Print nothing but the lines below starting at the line that holds "Moïse frappe le rocher et donne de l" and ending at the line that holds "Goats and rams, seamless", including both, each exactly as written.
Top of Input for this task
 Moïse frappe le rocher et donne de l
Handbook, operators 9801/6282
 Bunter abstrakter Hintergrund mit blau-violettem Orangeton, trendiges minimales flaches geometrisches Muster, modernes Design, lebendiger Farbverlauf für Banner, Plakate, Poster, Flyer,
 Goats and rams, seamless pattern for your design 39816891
Bottom of Input for this task
Top of Input for this task
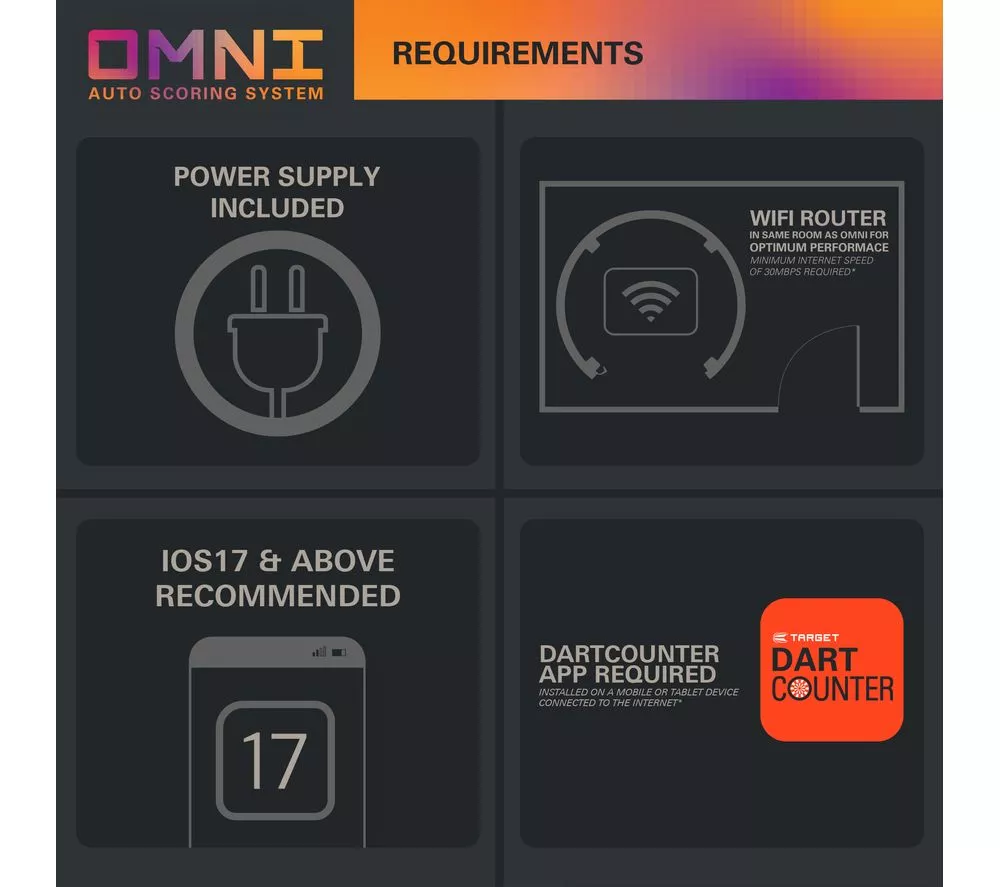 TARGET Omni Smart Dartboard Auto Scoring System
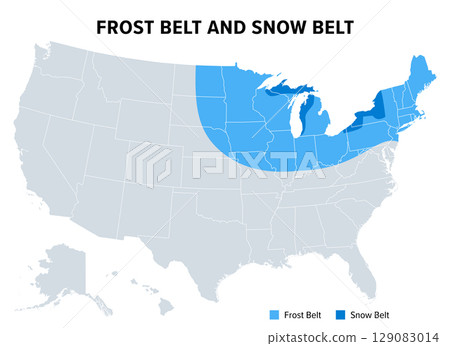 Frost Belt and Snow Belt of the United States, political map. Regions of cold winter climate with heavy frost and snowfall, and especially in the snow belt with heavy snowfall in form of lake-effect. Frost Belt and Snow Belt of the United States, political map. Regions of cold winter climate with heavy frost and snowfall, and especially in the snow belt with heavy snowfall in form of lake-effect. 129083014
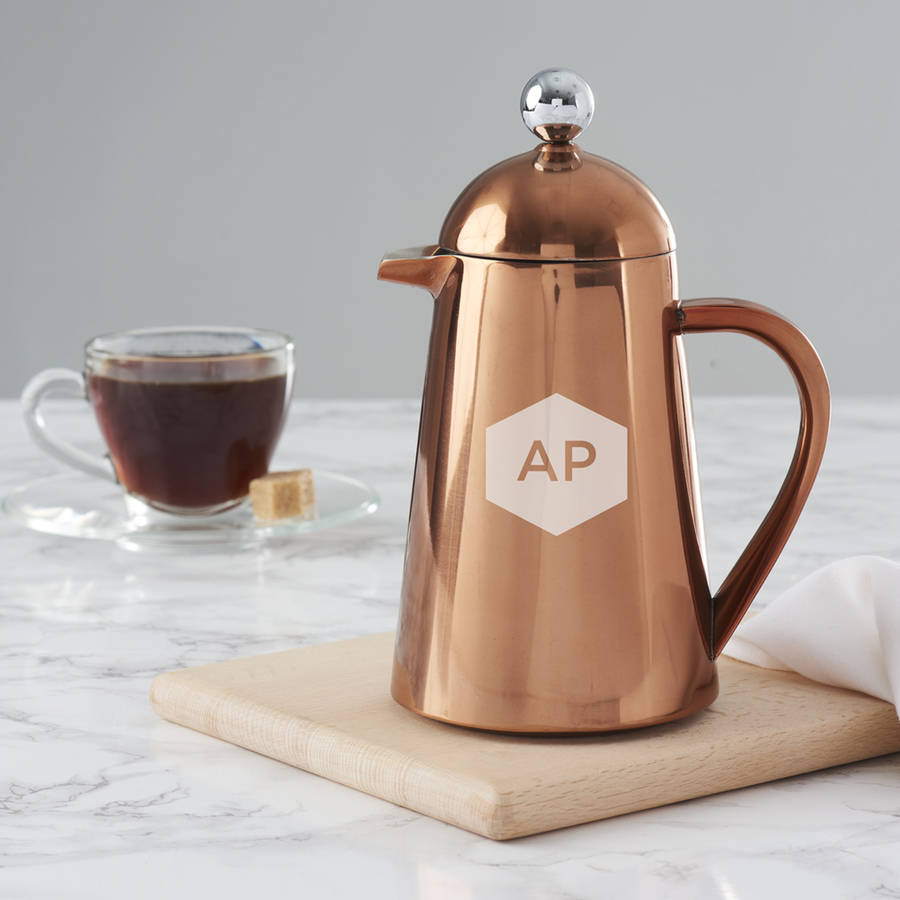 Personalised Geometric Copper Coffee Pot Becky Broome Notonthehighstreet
Bottom of Input for this task
Top of Input for this task
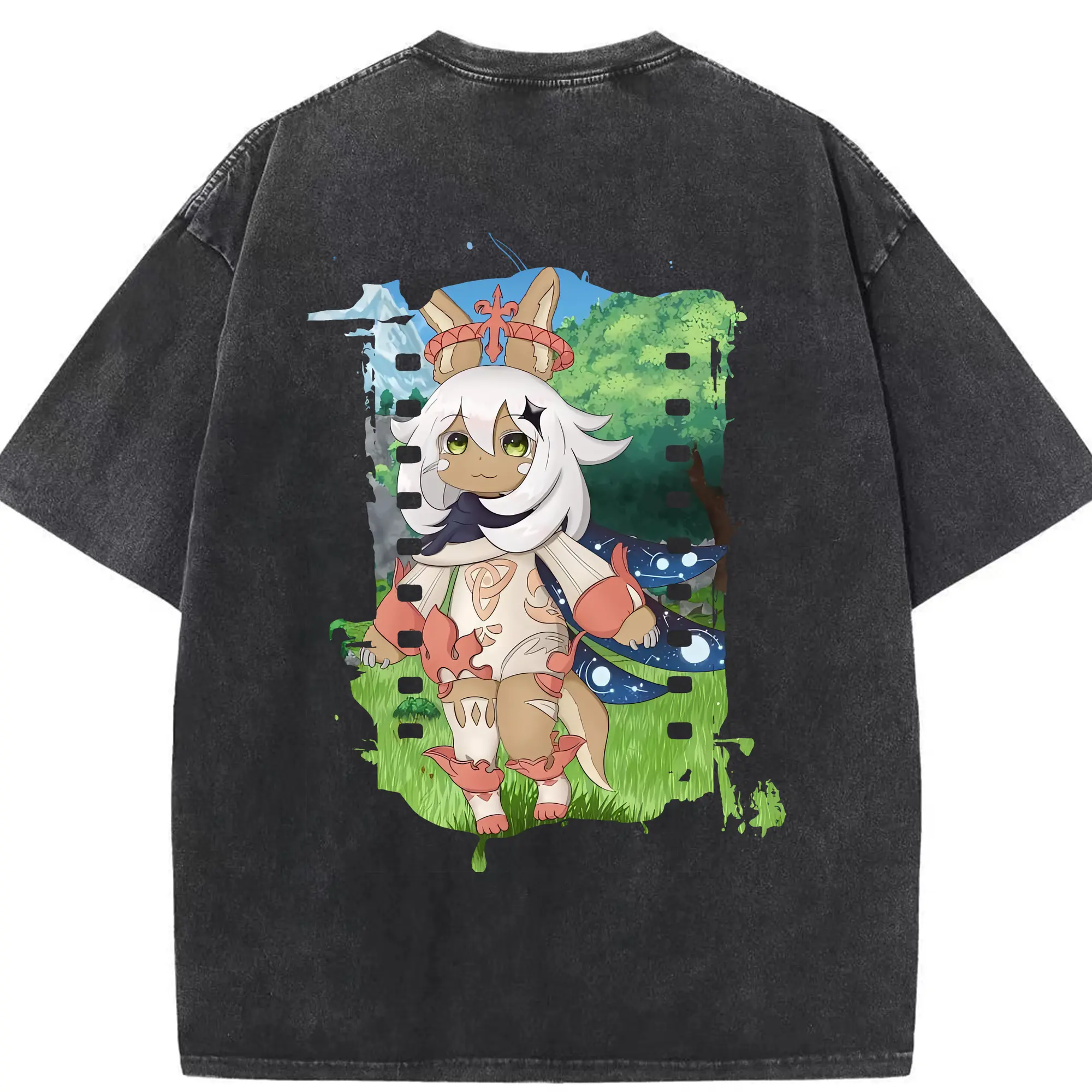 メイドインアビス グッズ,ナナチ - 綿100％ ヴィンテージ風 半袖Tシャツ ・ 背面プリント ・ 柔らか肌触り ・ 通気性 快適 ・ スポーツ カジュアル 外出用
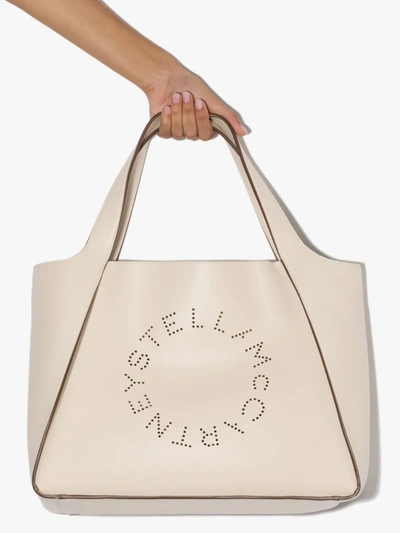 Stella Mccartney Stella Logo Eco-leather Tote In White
Bottom of Input for this task
◆ **The completed task**
 Moïse frappe le rocher et donne de l
Handbook, operators 9801/6282
 Bunter abstrakter Hintergrund mit blau-violettem Orangeton, trendiges minimales flaches geometrisches Muster, modernes Design, lebendiger Farbverlauf für Banner, Plakate, Poster, Flyer,
 Goats and rams, seamless pattern for your design 39816891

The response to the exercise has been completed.